Petitioner brings this petition as a pro se litigant. The Court has an obligation to liberally construe pro se pleadings and to hold them to less stringent standards than more formal pleadings drafted by lawyers. Erickson v. Pardus, 551 U.S. 89, 94 (2007); Higgs v. Attorney Gen. of the U.S., 655 F.3d 333, 339 (3d Cir. 2011), as amended (Sept. 19, 2011) (citing Estelle v. Gamble, 429 U.S. 97, 106 (1976)). A pro se habeas petition and any supporting submissions must be construed liberally and with a measure of tolerance. See Royce v. Hahn, 151 F.3d 116, 118 (3d Cir. 1998); Lewis v. Attorney Gen., 878 F.2d 714, 721-22 (3d Cir. 1989); United States v. Brierley, 414 F.2d 552, 555 (3d Cir. 1969), cert. denied, 399 U.S. 912 (1970).

Section 2241 "confers habeas jurisdiction to hear the petition of a federal prisoner who is challenging not the validity but the execution of his sentence." Coady v. Vaughn, 251 F.3d 480, 485 (3d Cir. 2001). Petitioner's claims that the BOP unreasonably interpreted and applied its policies and that it violated his due process rights when it reduced his GCT award are appropriately before the Court under § 2241 as a finding in Petitioner's favor would lead to an earlier release date through the recalculation of the rate at which Petitioner earns GCT.

A. Interpretation and Application of Policy

Petitioner argues that the BOP misinterpreted and misapplied its policies to his case when it reduced his GCT award from 54 days per year to 42 days per year after he withdrew from the GED program. He bases his argument on Program Statement 5350.28, which "requires inmates who do not have a GED credential or a high school diploma to complete one period (240 instructional hours) of literacy program participation during their confinement." BOP Program Statement 5350.28 at 2 "Literacy Program (GEDStandard)" (12/1/2003). Specifically, Petitioner relies on the provision that states: "Inmates must participate in the literacy program for one mandatory period of at least 240 instructional hours, or until they achieve a GED credential or high school diploma, whichever comes first." Id. (emphasis added). Petitioner argues he should have been permitted to withdraw from the GED program without penalty since he completed more than 240 hours of instruction. The Court concludes the BOP reasonably interpreted and applied its policies.

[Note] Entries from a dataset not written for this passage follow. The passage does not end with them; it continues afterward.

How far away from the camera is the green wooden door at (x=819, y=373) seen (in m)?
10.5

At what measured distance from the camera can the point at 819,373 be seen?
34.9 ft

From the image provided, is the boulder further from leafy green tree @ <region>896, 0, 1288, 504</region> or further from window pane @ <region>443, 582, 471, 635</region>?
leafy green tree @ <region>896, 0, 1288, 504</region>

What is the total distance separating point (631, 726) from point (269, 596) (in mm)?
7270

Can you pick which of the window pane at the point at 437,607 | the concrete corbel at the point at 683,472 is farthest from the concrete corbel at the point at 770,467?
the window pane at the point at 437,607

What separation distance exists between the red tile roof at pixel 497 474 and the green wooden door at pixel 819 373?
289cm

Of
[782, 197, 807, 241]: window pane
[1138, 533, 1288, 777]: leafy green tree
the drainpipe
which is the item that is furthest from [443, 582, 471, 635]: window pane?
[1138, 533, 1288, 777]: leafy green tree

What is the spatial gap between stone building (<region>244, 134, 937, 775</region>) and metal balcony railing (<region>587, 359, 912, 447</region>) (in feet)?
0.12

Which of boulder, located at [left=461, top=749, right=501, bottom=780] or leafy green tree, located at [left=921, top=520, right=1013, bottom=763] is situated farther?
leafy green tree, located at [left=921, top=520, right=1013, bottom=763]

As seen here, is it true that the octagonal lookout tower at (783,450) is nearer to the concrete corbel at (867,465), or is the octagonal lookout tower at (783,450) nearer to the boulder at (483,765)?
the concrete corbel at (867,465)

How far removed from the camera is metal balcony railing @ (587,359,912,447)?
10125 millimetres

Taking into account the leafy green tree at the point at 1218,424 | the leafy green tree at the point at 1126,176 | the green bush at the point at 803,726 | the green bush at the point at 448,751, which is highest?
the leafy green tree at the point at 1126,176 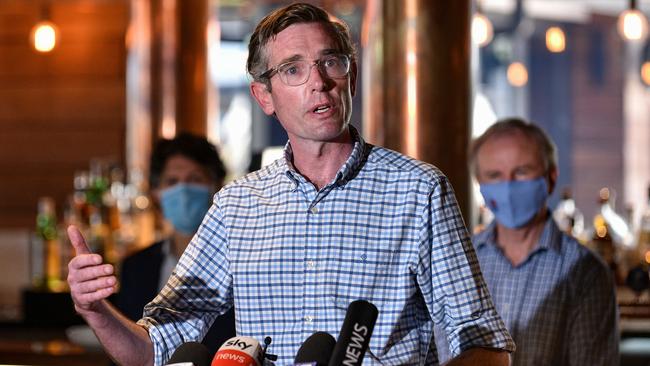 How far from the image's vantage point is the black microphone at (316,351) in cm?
159

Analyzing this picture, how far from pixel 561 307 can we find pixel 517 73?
325 inches

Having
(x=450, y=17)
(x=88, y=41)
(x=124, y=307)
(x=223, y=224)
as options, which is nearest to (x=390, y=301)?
(x=223, y=224)

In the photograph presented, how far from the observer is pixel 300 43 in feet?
6.55

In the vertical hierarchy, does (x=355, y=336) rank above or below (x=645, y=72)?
below

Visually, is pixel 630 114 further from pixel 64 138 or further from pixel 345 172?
pixel 345 172

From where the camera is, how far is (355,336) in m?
1.58

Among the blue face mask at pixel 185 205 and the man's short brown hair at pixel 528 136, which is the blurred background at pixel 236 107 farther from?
the man's short brown hair at pixel 528 136

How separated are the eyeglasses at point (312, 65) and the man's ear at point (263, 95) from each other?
10 cm

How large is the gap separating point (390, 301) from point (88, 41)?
25.3ft

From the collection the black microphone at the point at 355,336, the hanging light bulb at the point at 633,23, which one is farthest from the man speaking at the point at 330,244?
the hanging light bulb at the point at 633,23

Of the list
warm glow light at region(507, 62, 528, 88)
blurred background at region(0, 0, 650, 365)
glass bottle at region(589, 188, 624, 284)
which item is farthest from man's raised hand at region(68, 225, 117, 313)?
warm glow light at region(507, 62, 528, 88)

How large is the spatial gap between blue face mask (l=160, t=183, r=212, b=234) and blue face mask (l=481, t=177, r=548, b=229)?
0.89 metres

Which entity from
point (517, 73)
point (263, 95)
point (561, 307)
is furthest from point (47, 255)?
point (517, 73)

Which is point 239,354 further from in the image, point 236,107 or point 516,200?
point 236,107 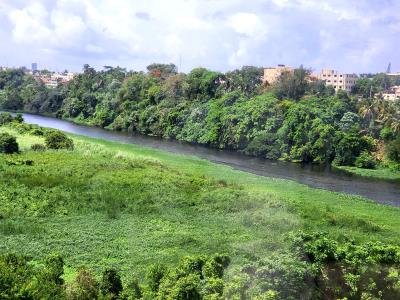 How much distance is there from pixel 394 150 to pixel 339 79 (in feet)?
147

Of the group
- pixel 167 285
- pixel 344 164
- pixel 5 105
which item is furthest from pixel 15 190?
pixel 5 105

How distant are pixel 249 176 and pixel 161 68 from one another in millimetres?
46723

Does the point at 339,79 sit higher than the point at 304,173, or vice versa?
the point at 339,79

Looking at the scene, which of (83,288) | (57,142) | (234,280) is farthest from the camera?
(57,142)

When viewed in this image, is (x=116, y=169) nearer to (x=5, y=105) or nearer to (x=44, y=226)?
(x=44, y=226)

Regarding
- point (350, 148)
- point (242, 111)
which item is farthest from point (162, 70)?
point (350, 148)

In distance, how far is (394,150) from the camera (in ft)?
125

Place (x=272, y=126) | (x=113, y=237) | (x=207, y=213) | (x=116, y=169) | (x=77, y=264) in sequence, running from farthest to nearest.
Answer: (x=272, y=126)
(x=116, y=169)
(x=207, y=213)
(x=113, y=237)
(x=77, y=264)

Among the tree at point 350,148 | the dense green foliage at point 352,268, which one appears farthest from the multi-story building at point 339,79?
the dense green foliage at point 352,268

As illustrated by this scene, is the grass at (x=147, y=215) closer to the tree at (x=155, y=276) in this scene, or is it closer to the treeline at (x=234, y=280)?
the treeline at (x=234, y=280)

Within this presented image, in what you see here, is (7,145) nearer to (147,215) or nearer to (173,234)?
(147,215)

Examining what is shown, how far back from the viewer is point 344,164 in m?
40.2

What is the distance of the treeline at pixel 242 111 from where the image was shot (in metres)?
41.4

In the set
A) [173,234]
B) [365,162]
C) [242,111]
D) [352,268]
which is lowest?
[173,234] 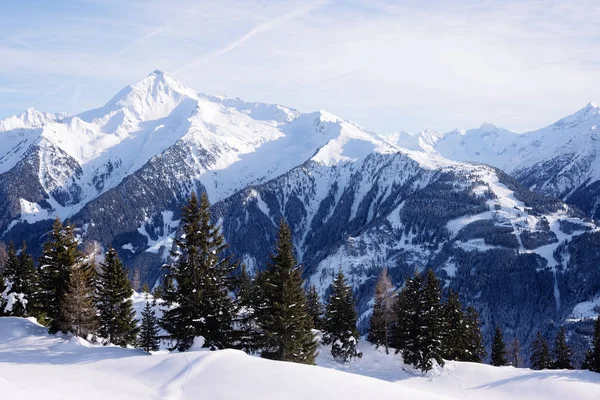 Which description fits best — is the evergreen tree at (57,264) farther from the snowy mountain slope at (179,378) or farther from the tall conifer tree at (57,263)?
the snowy mountain slope at (179,378)

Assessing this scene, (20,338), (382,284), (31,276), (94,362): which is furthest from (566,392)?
(31,276)

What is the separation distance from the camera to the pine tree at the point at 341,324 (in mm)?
57344

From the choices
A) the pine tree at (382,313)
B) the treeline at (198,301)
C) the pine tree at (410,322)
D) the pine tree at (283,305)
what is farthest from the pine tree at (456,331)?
the pine tree at (283,305)

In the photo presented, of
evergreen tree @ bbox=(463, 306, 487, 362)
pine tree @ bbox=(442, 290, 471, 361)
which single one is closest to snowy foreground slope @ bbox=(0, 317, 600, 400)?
pine tree @ bbox=(442, 290, 471, 361)

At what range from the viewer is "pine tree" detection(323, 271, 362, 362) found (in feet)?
188

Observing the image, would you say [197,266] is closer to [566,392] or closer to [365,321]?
[566,392]

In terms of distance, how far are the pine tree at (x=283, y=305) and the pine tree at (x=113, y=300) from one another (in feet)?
49.2

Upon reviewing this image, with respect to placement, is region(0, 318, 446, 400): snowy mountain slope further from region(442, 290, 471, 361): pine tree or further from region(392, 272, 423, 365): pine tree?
region(442, 290, 471, 361): pine tree

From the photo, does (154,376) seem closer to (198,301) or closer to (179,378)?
(179,378)

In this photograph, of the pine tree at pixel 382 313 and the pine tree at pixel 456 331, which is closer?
the pine tree at pixel 456 331

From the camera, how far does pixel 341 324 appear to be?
5762 centimetres

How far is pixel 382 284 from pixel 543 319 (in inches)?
6598

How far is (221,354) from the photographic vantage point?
2580 cm

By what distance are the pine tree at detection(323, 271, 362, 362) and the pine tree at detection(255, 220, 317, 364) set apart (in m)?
21.8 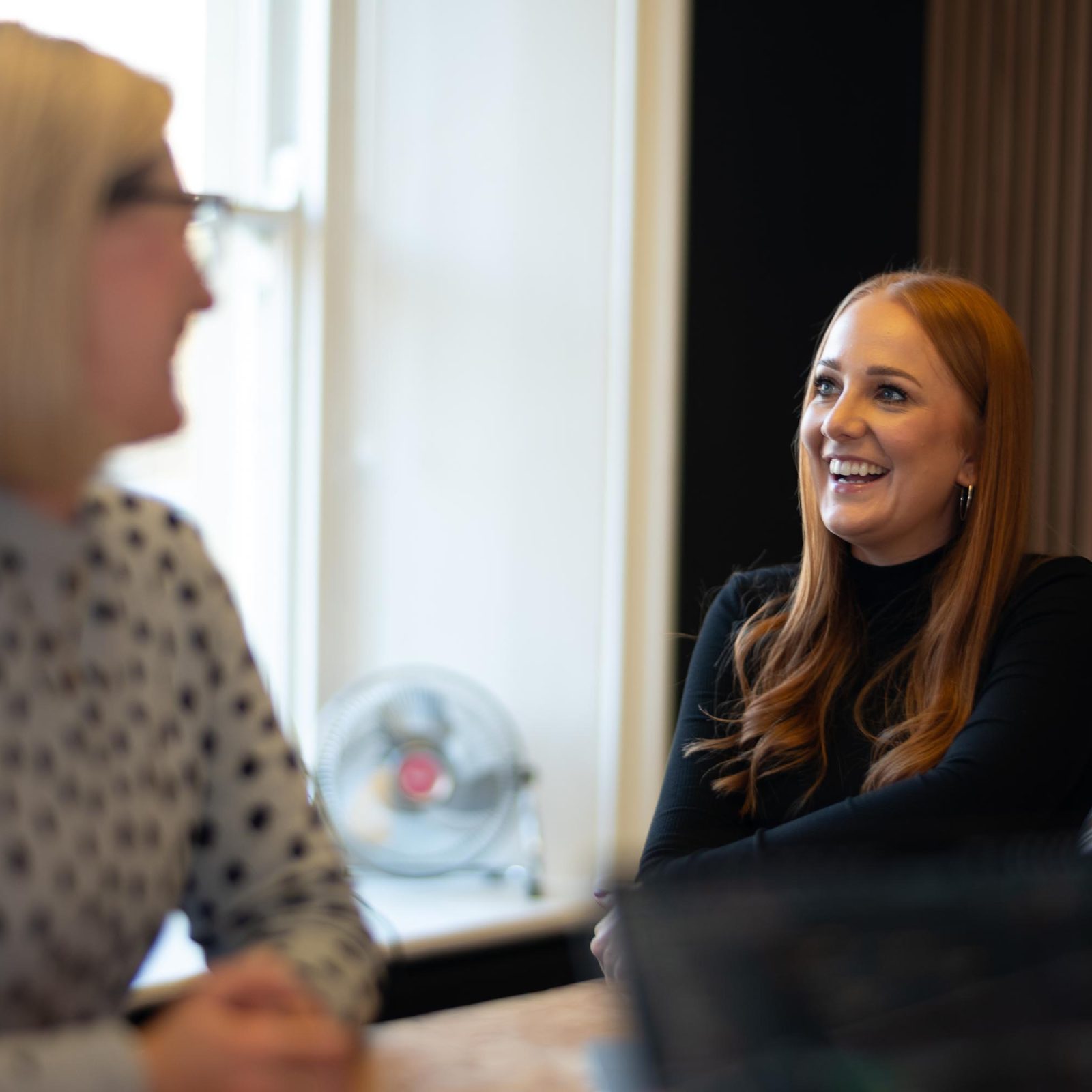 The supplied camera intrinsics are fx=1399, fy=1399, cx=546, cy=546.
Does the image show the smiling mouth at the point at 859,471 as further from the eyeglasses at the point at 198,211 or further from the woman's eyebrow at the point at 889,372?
the eyeglasses at the point at 198,211

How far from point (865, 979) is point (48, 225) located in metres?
0.71

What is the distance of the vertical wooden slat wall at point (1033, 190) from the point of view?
4.32m

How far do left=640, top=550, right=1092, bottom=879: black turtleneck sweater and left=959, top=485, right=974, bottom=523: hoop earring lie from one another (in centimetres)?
8

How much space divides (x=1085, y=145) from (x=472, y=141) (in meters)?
1.95

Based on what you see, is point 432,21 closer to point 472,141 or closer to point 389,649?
point 472,141

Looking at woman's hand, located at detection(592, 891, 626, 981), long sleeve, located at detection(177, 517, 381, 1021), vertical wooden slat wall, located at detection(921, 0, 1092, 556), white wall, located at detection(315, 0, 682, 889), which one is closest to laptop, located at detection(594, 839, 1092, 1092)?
woman's hand, located at detection(592, 891, 626, 981)

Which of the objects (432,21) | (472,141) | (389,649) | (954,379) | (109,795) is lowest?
(389,649)

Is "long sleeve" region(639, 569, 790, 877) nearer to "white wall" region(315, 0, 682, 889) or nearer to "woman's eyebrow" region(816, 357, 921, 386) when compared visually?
"woman's eyebrow" region(816, 357, 921, 386)

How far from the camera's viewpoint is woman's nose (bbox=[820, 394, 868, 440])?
6.88 feet

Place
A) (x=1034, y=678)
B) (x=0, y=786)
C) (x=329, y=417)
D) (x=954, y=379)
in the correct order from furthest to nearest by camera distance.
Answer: (x=329, y=417), (x=954, y=379), (x=1034, y=678), (x=0, y=786)

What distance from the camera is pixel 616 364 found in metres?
3.75

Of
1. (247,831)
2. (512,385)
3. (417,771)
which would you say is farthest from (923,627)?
(512,385)

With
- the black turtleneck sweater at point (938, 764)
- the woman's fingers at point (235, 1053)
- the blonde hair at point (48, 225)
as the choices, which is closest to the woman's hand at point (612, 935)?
the woman's fingers at point (235, 1053)

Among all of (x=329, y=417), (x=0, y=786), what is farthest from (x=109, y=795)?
(x=329, y=417)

The Prison Litigation Reform Act of 1996 ("PLRA") set forth two different literacy provisions for the BOP to administer: one mandatory, codified in 18 U.S.C. § 3264(f); the other non-mandatory, codified in 18 U.S.C. § 3264(b)(1). The mandatory program applies to "all mentally capable inmates who are not functionally literate" with certain exemptions not applicable in Petitioner's case. 18 U.S.C. §3624(f)(1); 28 C.F.R. § 544.71. "Pursuant to the regulations which implement these statutory mandates, inmates who do not have a high school diploma or GED are required to participate in the program 'for a minimum of 240 instructional hours or until a GED is achieved, whichever occurs first.'" De La Cruz v. Zickefoose, 450 F. App'x 123, 125 (3d Cir. 2011) (quoting 28 C.F.R. § 544.70). "Failure to complete 240 hours of instructions in the program can result in disciplinary action." Id. (citing 28 C.F.R. § 544.75).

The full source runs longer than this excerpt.